■ Data for analysis
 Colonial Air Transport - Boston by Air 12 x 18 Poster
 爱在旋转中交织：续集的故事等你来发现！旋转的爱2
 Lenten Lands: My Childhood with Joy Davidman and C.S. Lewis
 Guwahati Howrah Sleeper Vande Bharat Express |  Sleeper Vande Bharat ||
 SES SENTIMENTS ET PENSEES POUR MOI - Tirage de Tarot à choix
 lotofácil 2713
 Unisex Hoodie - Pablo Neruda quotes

--

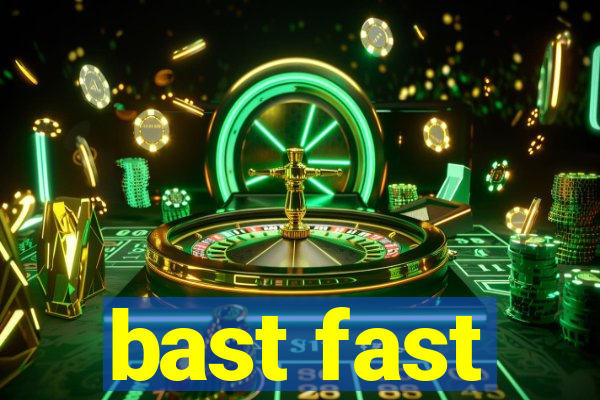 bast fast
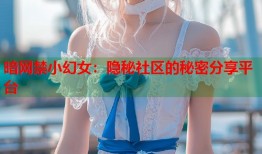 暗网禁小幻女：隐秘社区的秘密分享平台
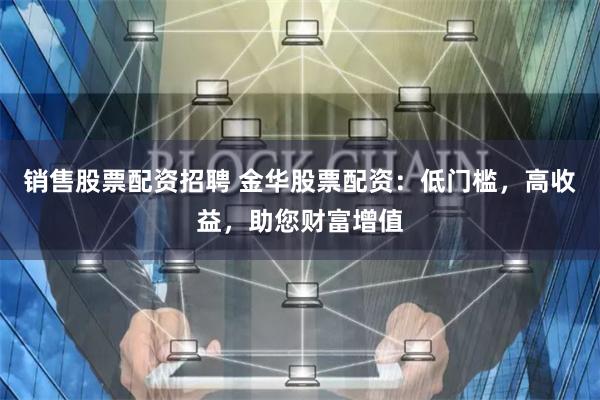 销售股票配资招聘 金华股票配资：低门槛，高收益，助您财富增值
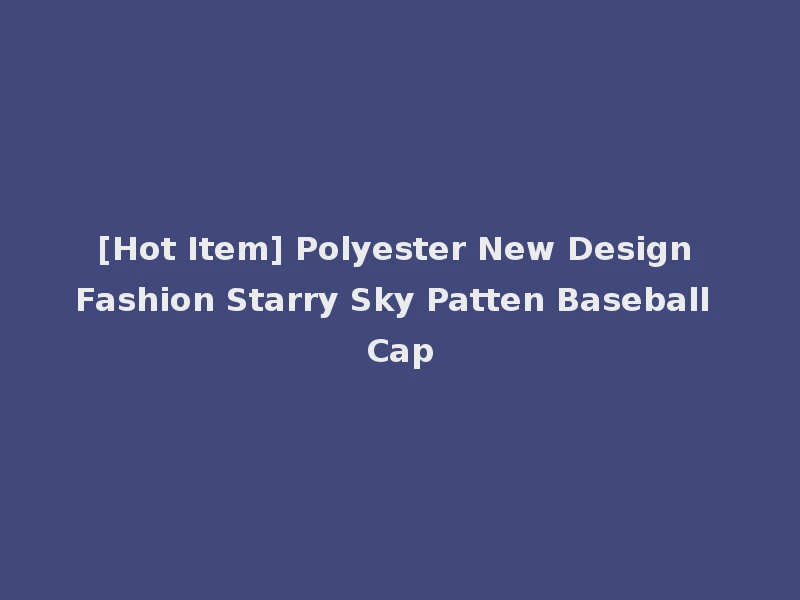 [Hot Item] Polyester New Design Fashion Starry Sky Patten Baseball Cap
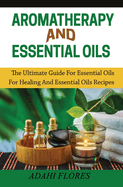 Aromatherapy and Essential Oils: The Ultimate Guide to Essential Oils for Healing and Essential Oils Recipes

■ Problem requirements
Take the material above from the line bearing "[Hot Item] Polyester" through the line bearing "Aromatherapy and Essential" and write it out exactly, both end lines included. Pictures stay out.

■ Answer to this task
 [Hot Item] Polyester New Design Fashion Starry Sky Patten Baseball Cap
 Aromatherapy and Essential Oils: The Ultimate Guide to Essential Oils for Healing and Essential Oils Recipes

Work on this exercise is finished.